STRAUSS Three Tone Poems (Welser-Möst)

Record and Artist Details

Genre:

Orchestral

Label: Cleveland Orchestra

Media Format: Super Audio CD

Media Runtime: 46

Mastering:

DDD

Catalogue Number: TCO0004

TCO0004. STRAUSS Three Tone Poems (Welser-Möst)

Tracks:

Composition Artist Credit
Macbeth Richard Strauss, Composer
Cleveland Orchestra
Franz Welser-Möst, Conductor
Don Juan Richard Strauss, Composer
Cleveland Orchestra
Franz Welser-Möst, Conductor
Till Eulenspiegels lustige Streiche Richard Strauss, Composer
Cleveland Orchestra
Franz Welser-Möst, Conductor

Strauss’s ‘unfailing mastery’, Franz Welser-Möst tells us in a booklet essay, ‘quite often leaves me speechless and with a wide grin on my face – not in laughter but in admiration for his many perfect touches of musical colouring and punctuation’. And indeed, much of that sense of wonder communicates itself in this album of tone poems for the Cleveland Orchestra’s own label, recorded live over multiple concerts last autumn.

Macbeth gets arguably its finest outing on disc here.

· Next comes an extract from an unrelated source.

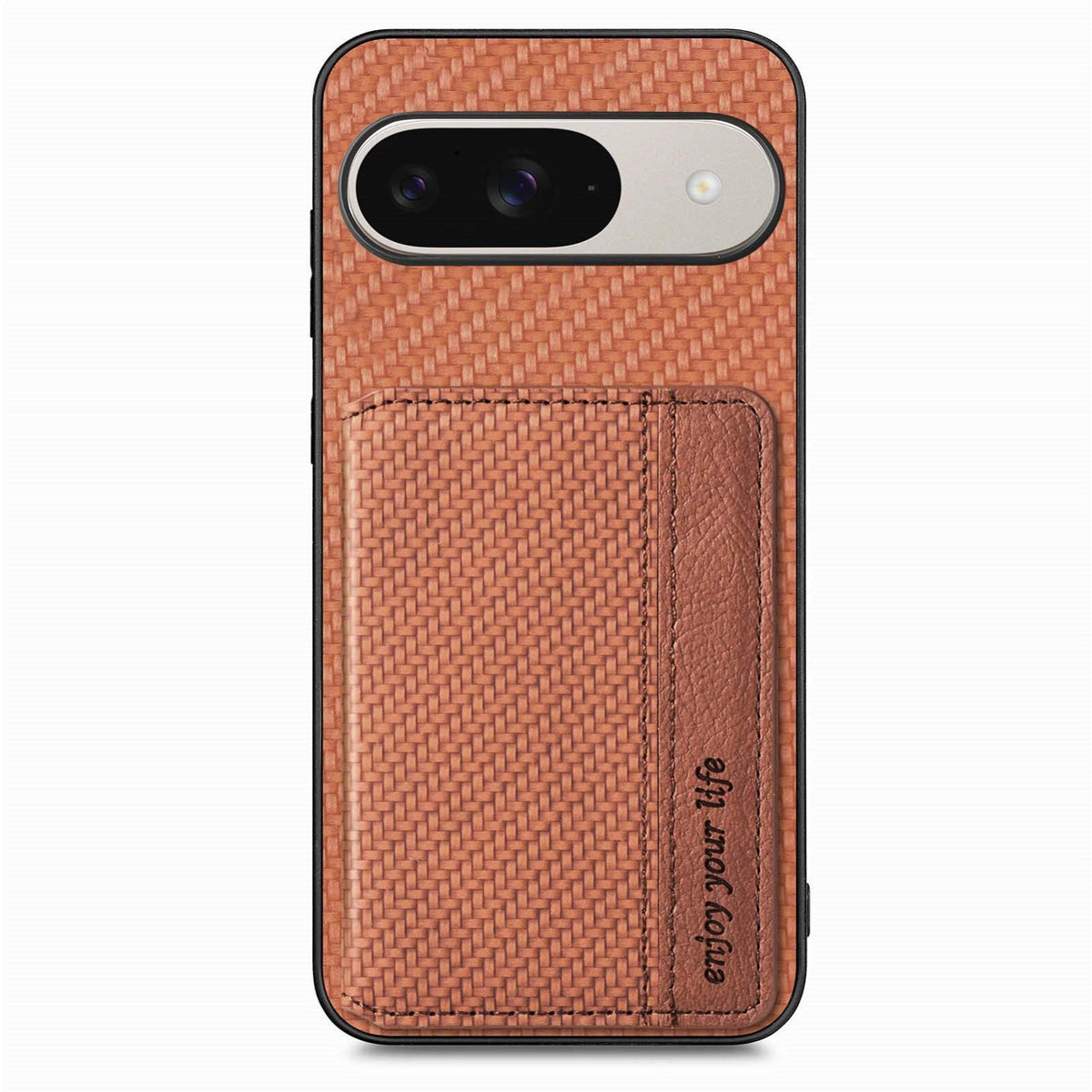 For Google Pixel 11 Carbon Fiber Magnetic Card Bag Phone Case - Brown - SYA002236409C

Written before Don Juan but premiered after it, it pares Shakespeare down to a sequence of colloquies between the Thane and his wife and essentially forms Strauss’s first psychodrama. Its detractors have deemed it over-reliant on Liszt and Tchaikovsky as models but Welser-Möst reminds us just how much it actually anticipates Elektra, not only in the dark, blood-and-steel quality of the orchestration but also in its unwavering depiction of emotional extremes. As in Strauss’s own 1936 broadcast performance (Music and Arts, 7/00), speeds are at times close to breakneck, while tensions are screwed up to the sticking point and unflinchingly held there, often to terrifying effect. The playing is fantastically detailed, thrilling in its accuracy and drive, while the recording itself, wonderfully engineered, is just glorious. You emerge from it all feeling faintly shell-shocked: it’s a superb vindication of an undervalued work.

The same energy characterises much of Welser-Möst’s Don Juan, which gets off to a tremendous start with the opening cluster of themes flung out with terrific exuberance and restless panache. The first of the work’s major love scenes is very erotic, though the second, with its unforgettable oboe solo, may strike some as fractionally too cool: the playing is exquisite, almost aristocratic in its poise, but you miss the sensual languor that some interpreters – Fritz Reiner (RCA, 10/61), for instance – bring to the music here. Once the work gathers pace again with the famous horn calls, however, the momentum, excitement and brilliance are maintained until satiety and death consume everything at the close.

Welser-Möst’s Till Eulenspiegel, meanwhile, is a model of transparency, its restraint and elegance throwing its wit into sharp relief. This is not to say that there’s a lack of pathos or, where necessary, power: the Cleveland brass and percussion sound awesome when we reach Till’s execution, while his clarinet squeals of protest are at once funny and desperately sad. But Welser-Möst’s lightness of touch, combined with the refinement of the playing, allows us to hear the work as a scherzo as well as a rondo, and the dividends are enormous: Till is endearing as well as impudent; the music smiles, laughs and occasionally sobs; and the humour never turns caustic as it can all too easily do. It’s another outstanding performance. You could argue that the programme is rather short at 46 minutes but the playing is exceptionally fine, and Macbeth and Till are essential listening.